Je n'arrive même pas à m'avancer. Les convulsions de mon petit Maurice me font mal au cœur. Je me sens inutile. Je déglutis avec difficulté. Je m'imagine déjà riper et enfoncer la pince dans le corps tremblant qui se contorsionne par terre. Ou rouvrir cette vieille blessure, ravivant les rumeurs au sujet de ma santé mentale. Une sueur froide coule le long de mon dos. Rien que de penser à toucher l'outil j'en ai la nausée. Personne n'a jamais cru que l'on puisse être maladroit à ce point. Pourtant, je le suis. De simples ciseaux deviennent des armes mortelles entre mes mains. Je n'ai fait preuve d'adresse qu'une seule fois dans ma vie, il y a plus de dix ans, à la fête foraine.
— Tu sais bien que j'ai peur de manier ce genre de trucs ! J'ai pas envie de lui faire mal.
— Alors tais toi et laisse moi faire, au lieu de me mettre la pression.
Je tressaille alors que Grégory s'acharne à essayer d'attraper l'épine. Elle s'enfonce davantage dans la chair tendre. Du sang s'écoule de la blessure. Mon ami pousse un juron, puis modifie sa position afin de tenter une nouvelle approche.
— Si tu t'y prenais un peu mieux aussi...

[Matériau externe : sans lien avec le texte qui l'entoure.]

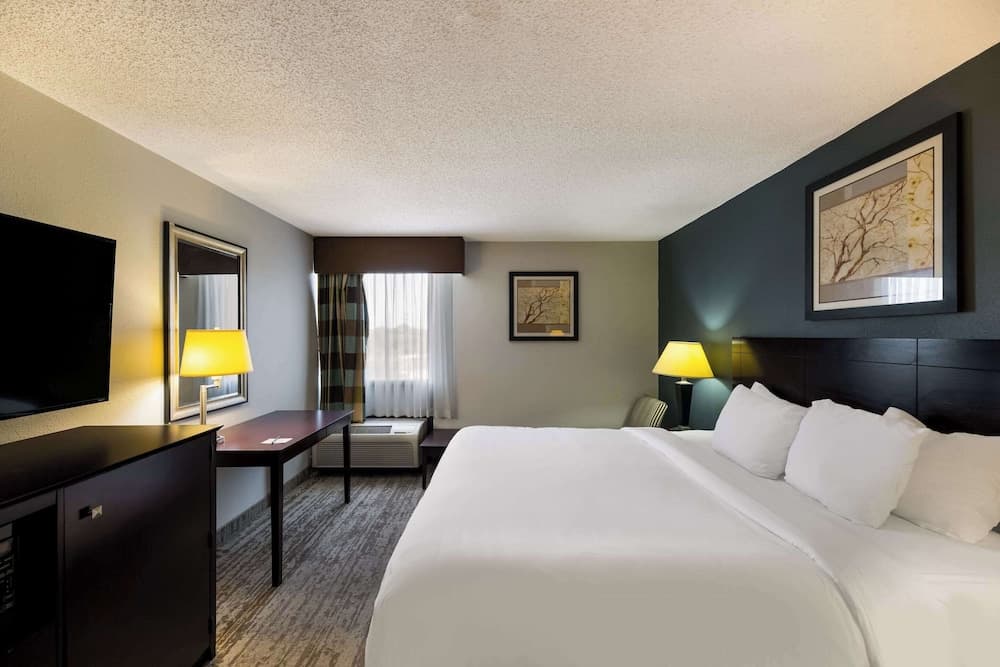 Clarion Hotel San Angelo near Convention Center gallery photo in San Angelo, TX — image 33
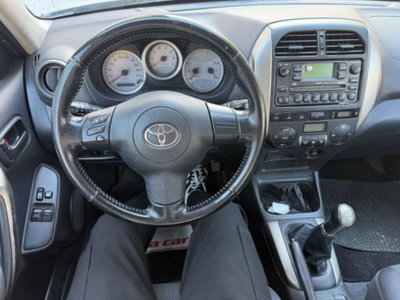 Toyota Rav4 Tdi D-4D cat 3 porte (13)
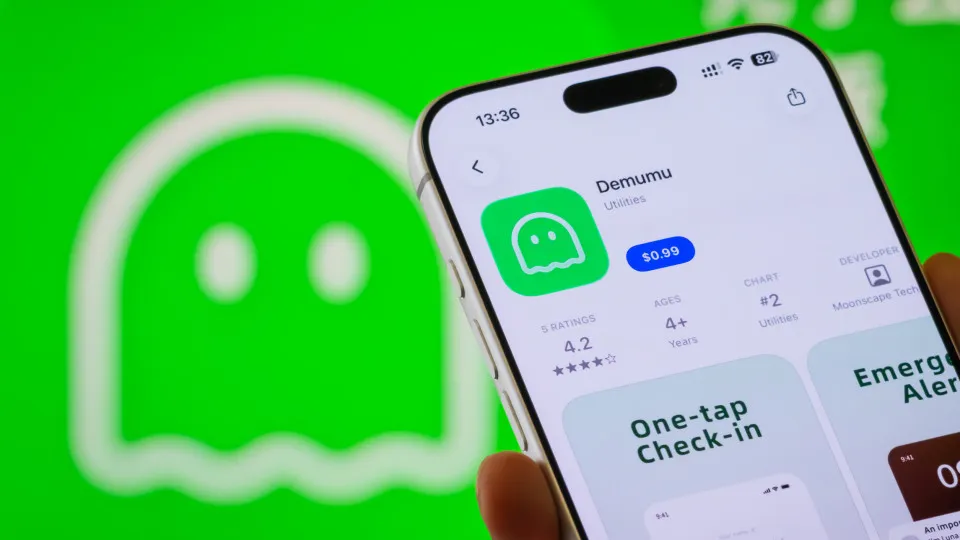 Há uma app (sinistra) entre as mais populares da loja da...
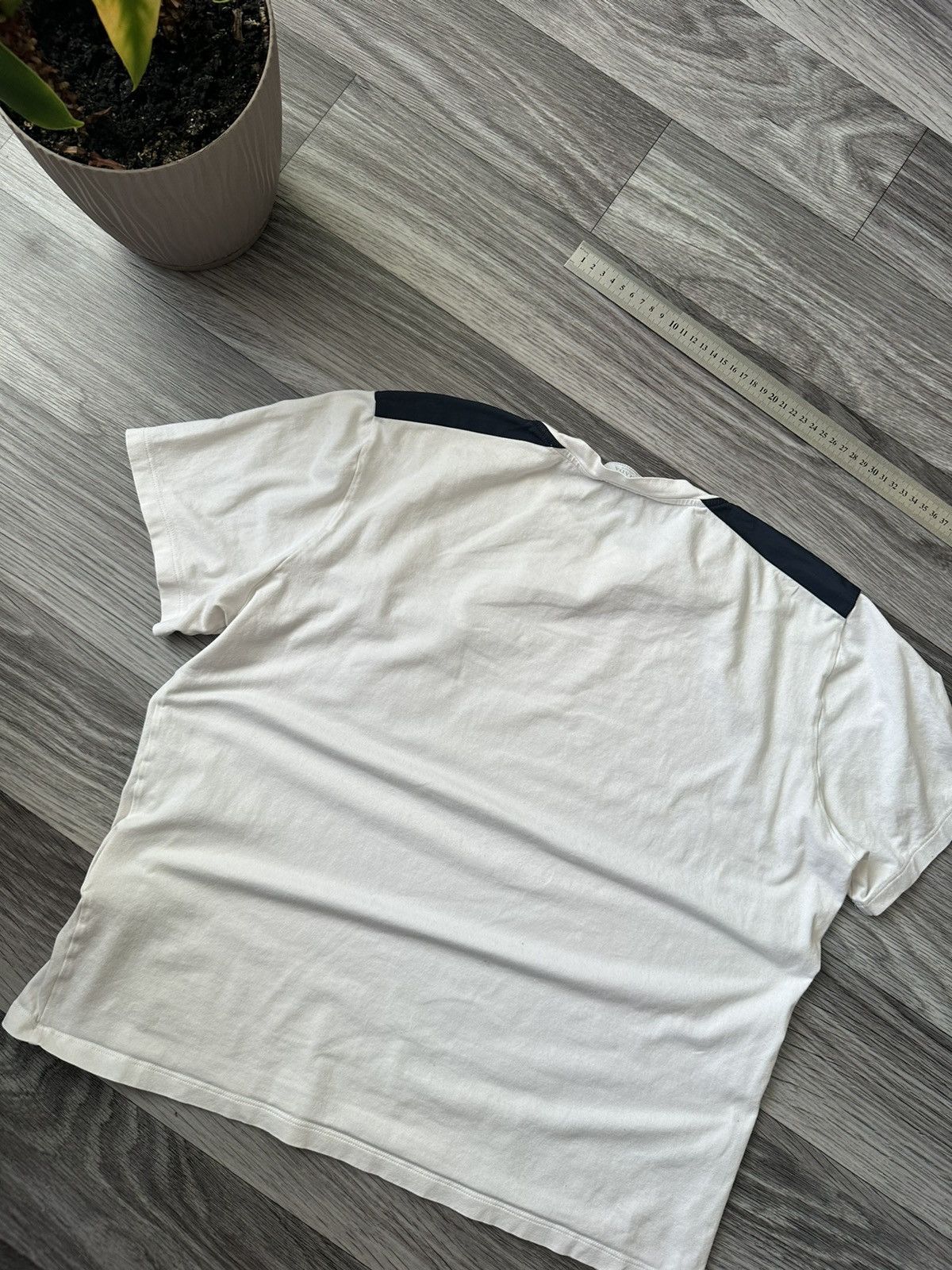 Prada Prada Milano White Red Tab T Shirt Nylon Pocket size L hype Size US L / EU 52-54 / 3 - 8 Thumbnail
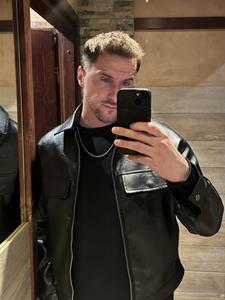 Beni 30 éves férfi, Győr-Moson-Sopron megye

Il me jette un regard en coin empli de hargne. Ses sourcils sont si froncés qu'ils se rejoignent. Il évite de dire un mot, ce ne serait pas aimable, mais je sais parfaitement à quoi il pense. Avec un soupir agacé, il retourne à l'assaut. Je prie pour qu'il parvienne à extraire l'écharde sans blesser mortellement Maurice.
Je ne peux retenir un cri lorsque ce dernier rue si fort que la pince manque de lui transpercer l'œil ! Grégory sursaute. L'outil dévie au dernier moment et entame la main de mon ami.
— Aïe ! Voilà t'es fière de toi ?!
Je me mords les lèvres lorsque je constate le résultat. La peau entre son pouce et son index déverse un flot impressionnant de sang. Je suis une catastrophe ambulante ! Je parviens à créer un accident sans toucher quoi que ce soit !
Je me précipite dans la maison pour ramener la trousse de secours. J'arrive à peine à respirer quand je ressors en courant. Je m'arrête soudain. Grégory se tient droit et me fixe avec une moue satisfaite. Tel un trophée, il brandit fièrement le morceau de bois prisonnier au bout de sa pince. Il affiche la mine victorieuse de celui qui a remporté un grand combat. Même sa main ne saigne plus autant.
J'ouvre la bouche, ravie et reconnaissante. Après avoir appliqué une compresse sur sa blessure de guerre, je l'embrasse sur la joue pour le remercier. Je me dirige ensuite vers le bassin dans lequel Maurice nage tranquillement.
Après plus de dix ans de vie commune, j'aurai été beaucoup trop triste de le perdre pour une écharde. Il est la preuve que tout est possible, que même moi, je pouvais réussir ce que j'entreprends. Je n'aurais jamais cru qu'un si petit poisson rouge resterait près de moi si longtemps ni qu'il mesurerait trente centimètres, lorsque je l'ai gagné à la fête. Il était minuscule et malade. Pourtant, il ne m'a jamais abandonnée. Il était là quand j'ai eu ma première peine de cœur, quand j'ai quitté la maison, quand j'ai décroché mon premier emploi. Chaque fois que je me sentais seule, il m'apaisait.
J'observe avec un élan d'affection les remous de l'eau qui suivent ses mouvements harmonieux.